Searching the material below, find each line that includes the word "float", and copy it.

>>>>

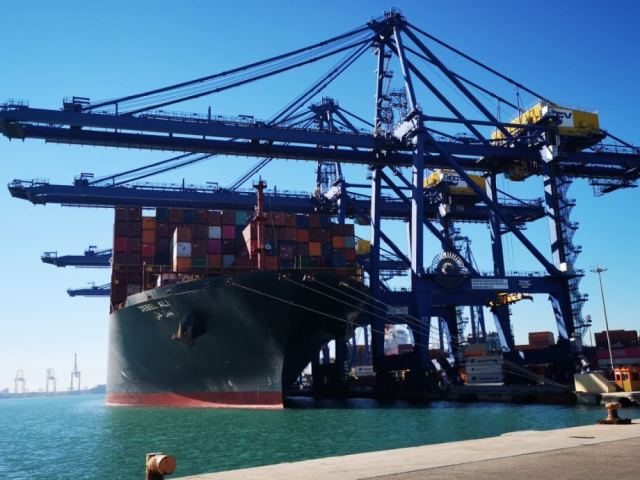 Captura-de-pantalla-2023-04-24-155613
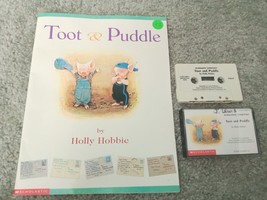 Item image 1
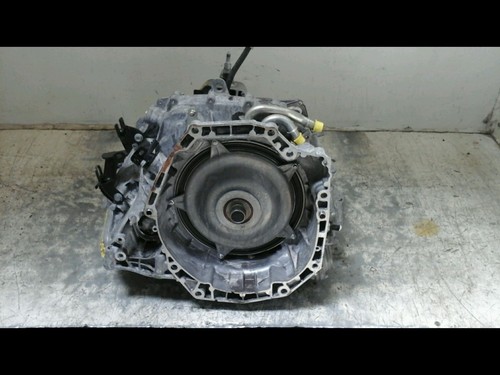 Boite vitesses renault - boite,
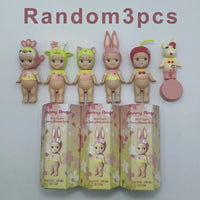 Random3pcs
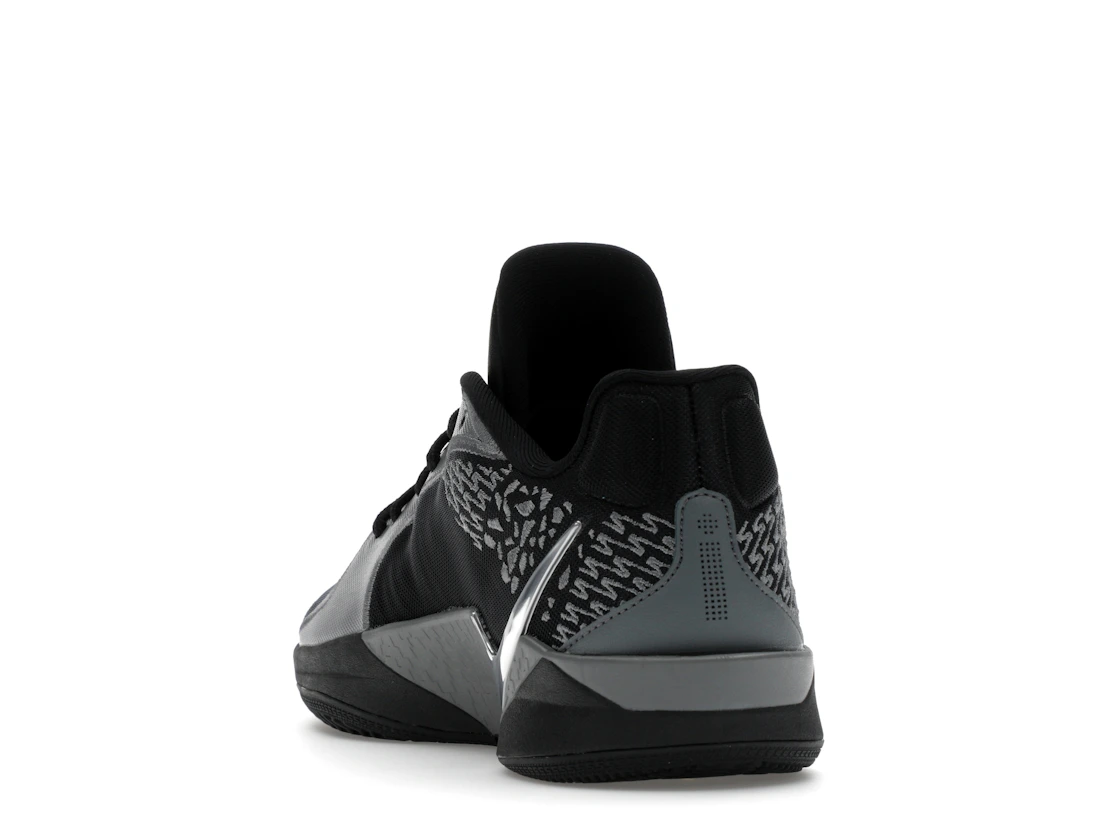 Vue 26 de Nike Sabrina 2 Mirrored 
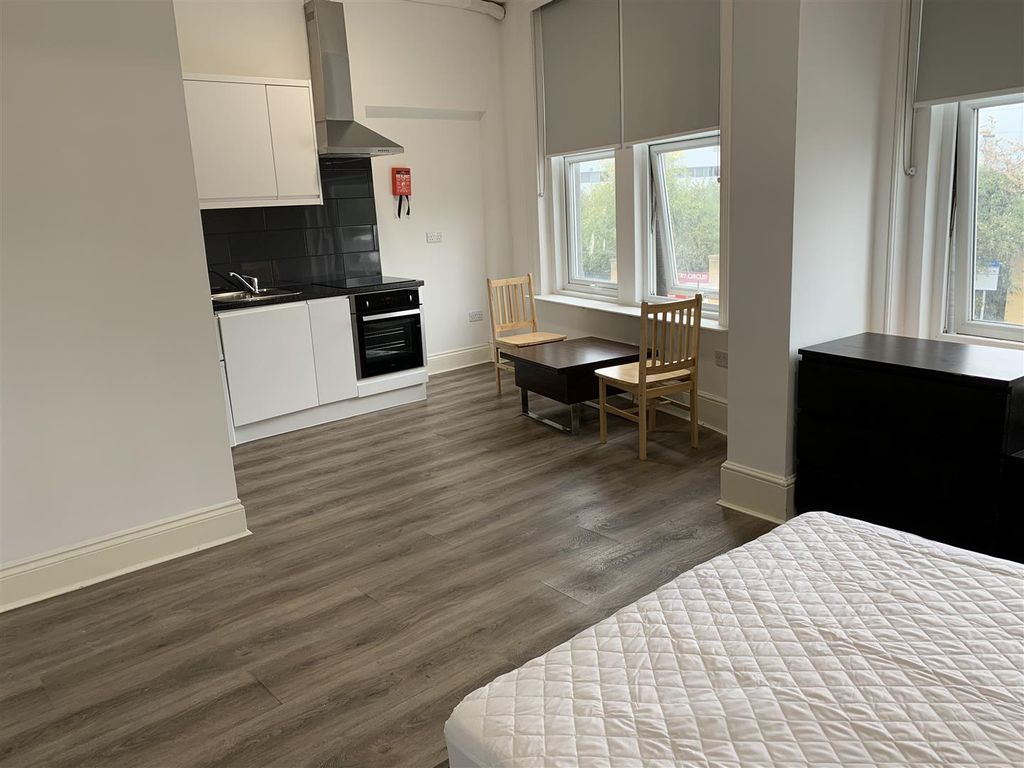 Property photo 1 of 9 Img_3536.Jpg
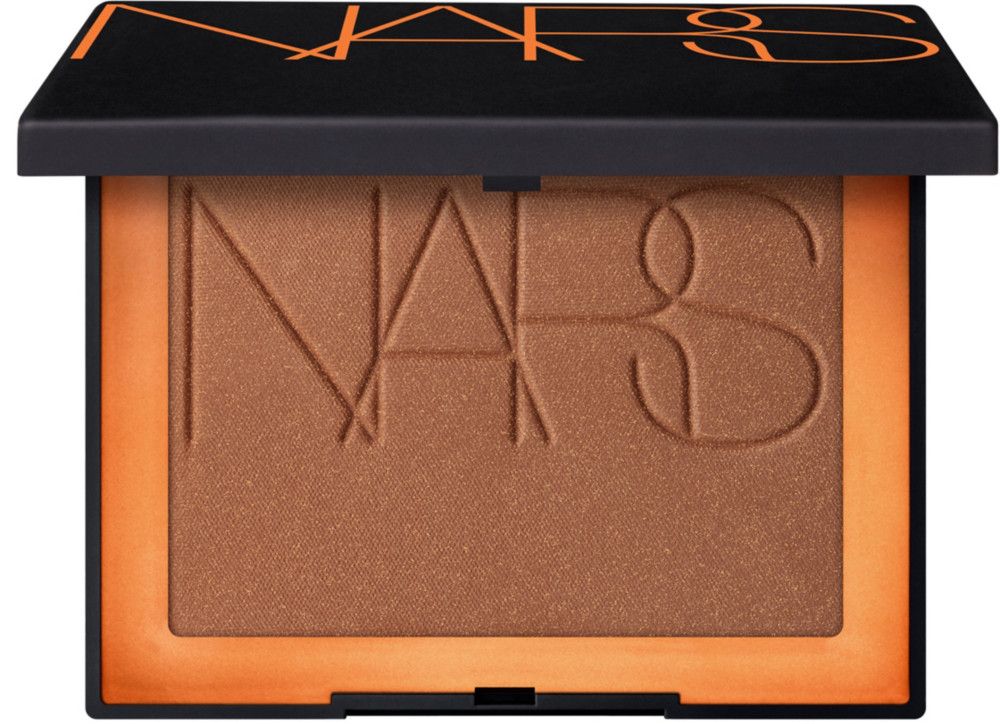 Bronzing Powder | Ulta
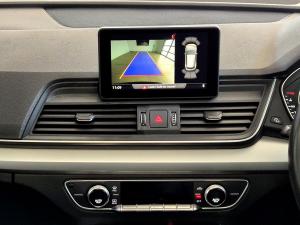 Audi Q5 40TDI quattro - Image 11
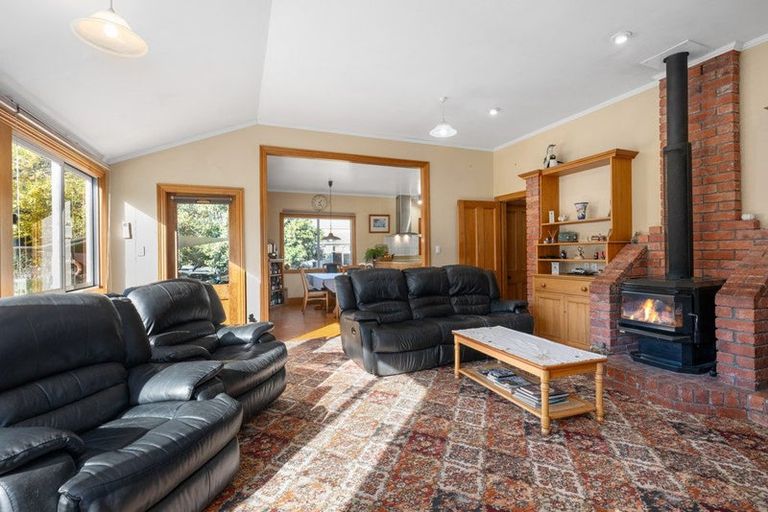 Photo of property in 28 Bothams Bend Road, Spring Creek, Blenheim, 7273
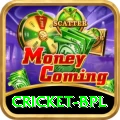 cricket bpl Mobile Super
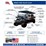 #2528-•-new-sdlgc100-six-seater-golf-cart---this-golf-cart-will-require-assembly-image-2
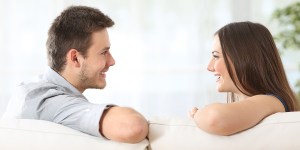 10 idej za pogovor z zakoncem, če hočete izboljšati svoj zakon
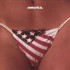 Black Crowes – Amorica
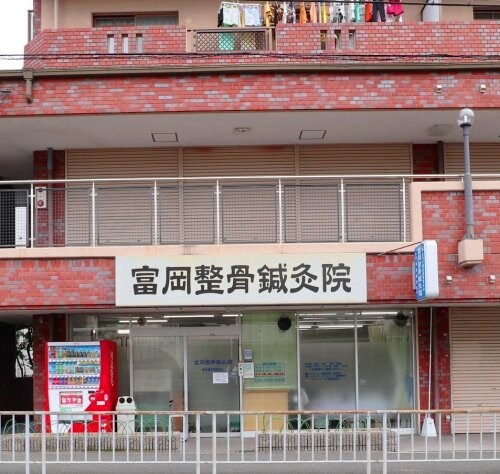 シェリール五月が丘北の物件内観写真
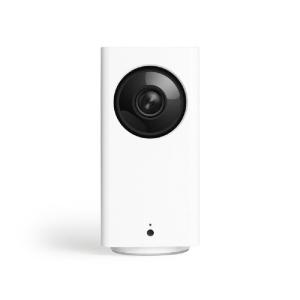 wireless security cameras for sale near me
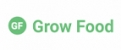 Grow Food Pro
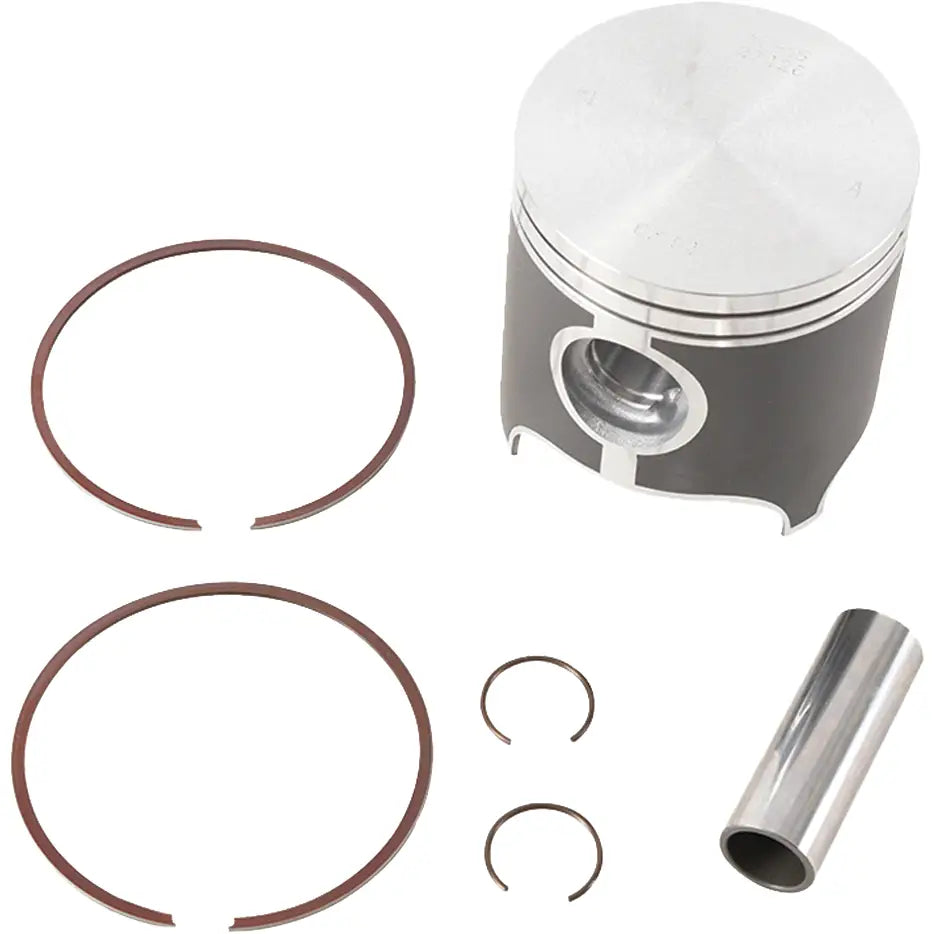 Vertex Piston Kit Piston kits & Components 22926A - Cast Replica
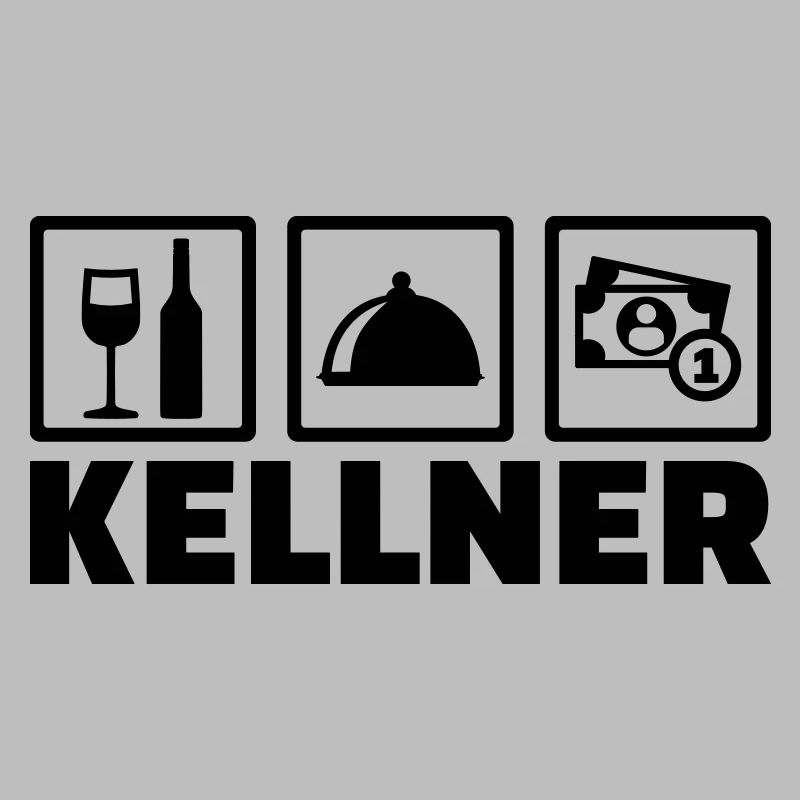 Kellner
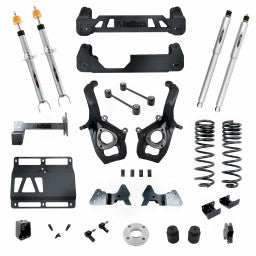 BELLTECH 6 -8" LIFT KIT 2019+ RAM 1500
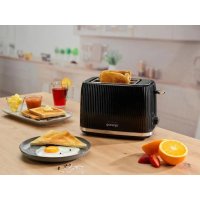 Gorenje T850DPB product thumbnail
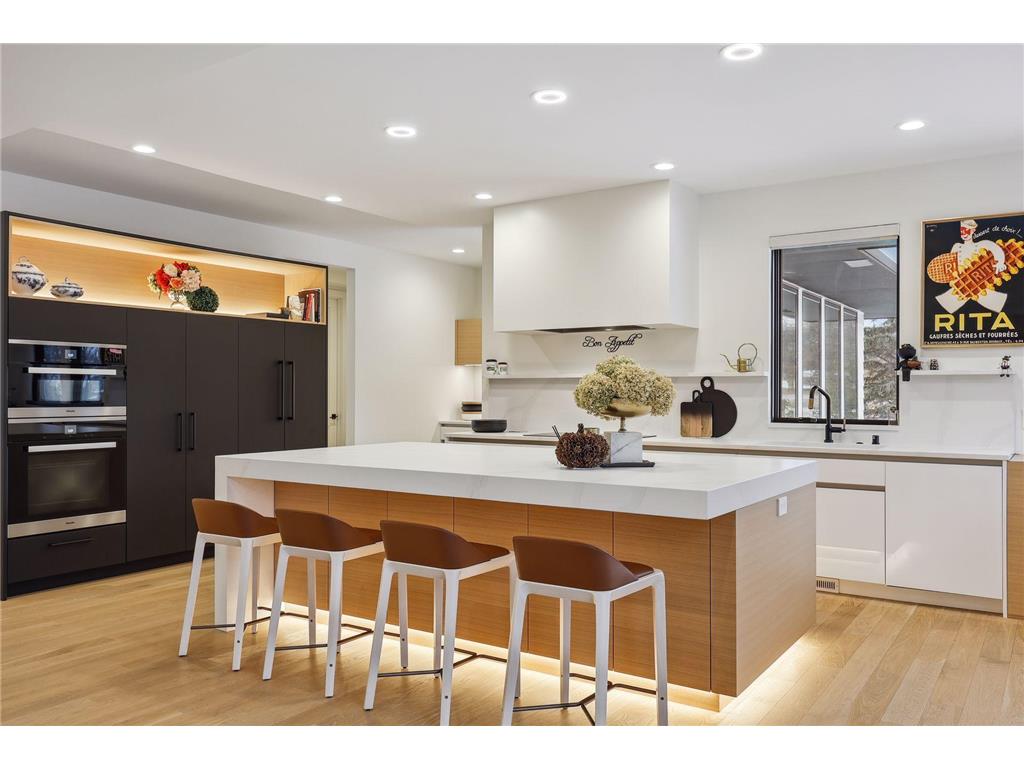 4315 Lakeview Court Orono MN 55364 6546282 image1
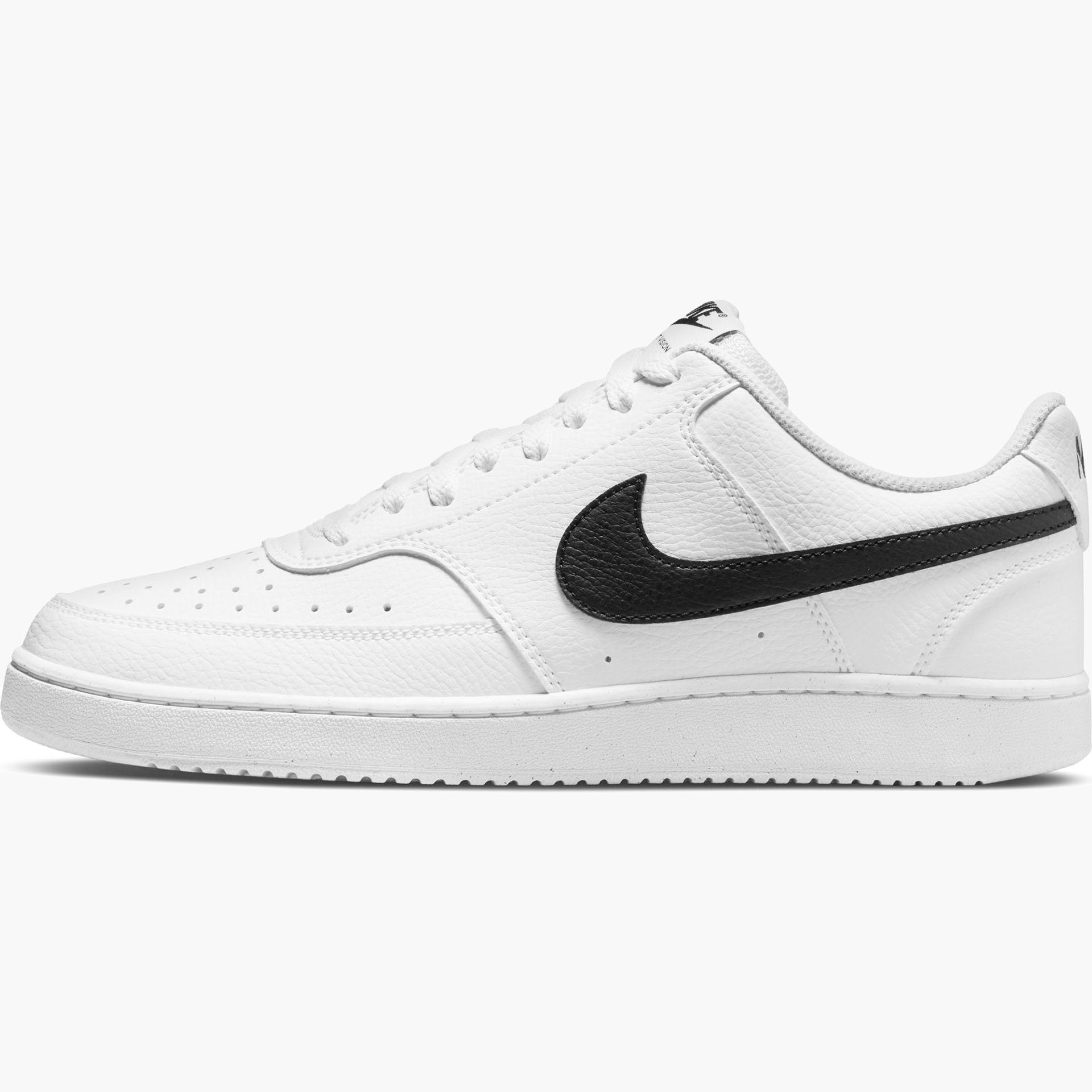 Nike Court Vision Lo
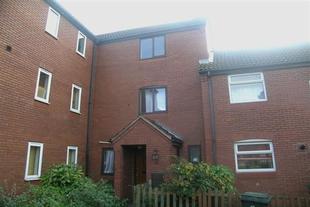 Buy or rent a property | Porter Road, London E6 5PN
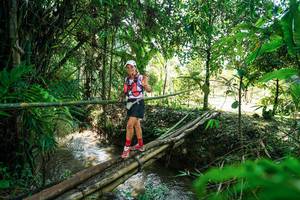 BIB: 
                            <button type="button" onclick="openModal(26289832)" class="btn btn-primary btn-sm float-right btn-popup" data-toggle="modal" data-target=".modal-high-quality">
                        <i class="fas fa-shopping-cart"></i> Add to Cart
                    </button>
                                            <button type="button" onclick="isThisMe(26289832, true)" class="btn btn-success btn-sm float-right btn-popup btn-isme hidden" data-toggle="tooltip" data-placement="bottom" title="นี่คือรูปของคุณใช่ไหม คลิกที่นี่เพื่อเอาเข้าอัลบั้ม">
                        <i class="fas fa-plus"></i> Add to album
                    </button>
                    <button type="button" onclick="isThisMe(26289832, false)" class="btn btn-warning btn-sm float-right btn-popup btn-isnotme hidden">
                        <i class="fas fa-ban"></i> Remove from album
                    </button>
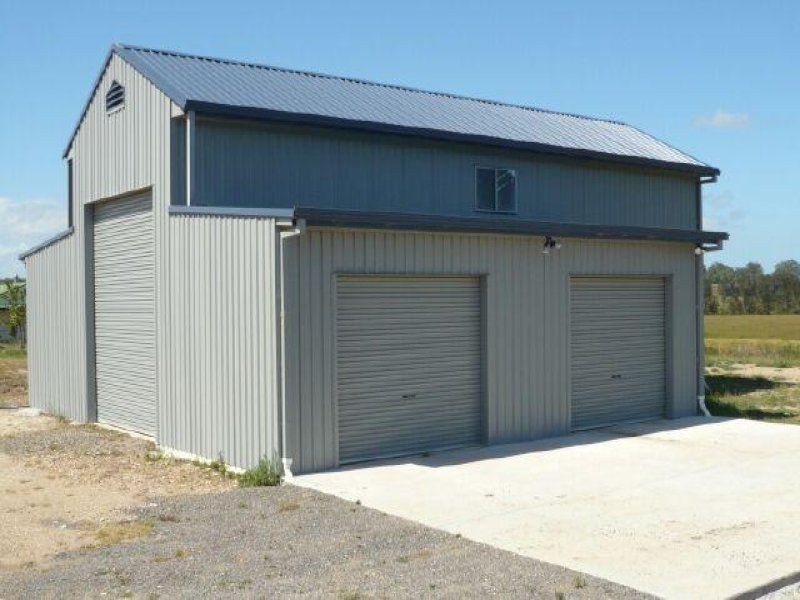 286 Kundle Kundle Road, Cundletown NSW 2430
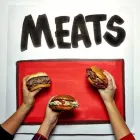 Business 1 image ARBY'S in Andalusia AL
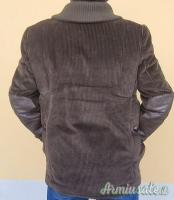 Giacca da caccia vintage anni 70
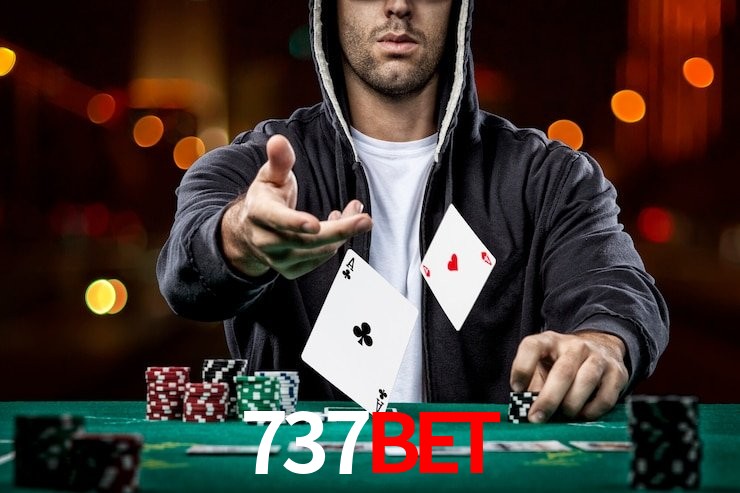 737bet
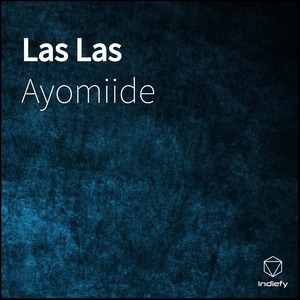 Las Las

<<<<

▶ **Answer to this problem**
                            <button type="button" onclick="openModal(26289832)" class="btn btn-primary btn-sm float-right btn-popup" data-toggle="modal" data-target=".modal-high-quality">
                                            <button type="button" onclick="isThisMe(26289832, true)" class="btn btn-success btn-sm float-right btn-popup btn-isme hidden" data-toggle="tooltip" data-placement="bottom" title="นี่คือรูปของคุณใช่ไหม คลิกที่นี่เพื่อเอาเข้าอัลบั้ม">
                    <button type="button" onclick="isThisMe(26289832, false)" class="btn btn-warning btn-sm float-right btn-popup btn-isnotme hidden">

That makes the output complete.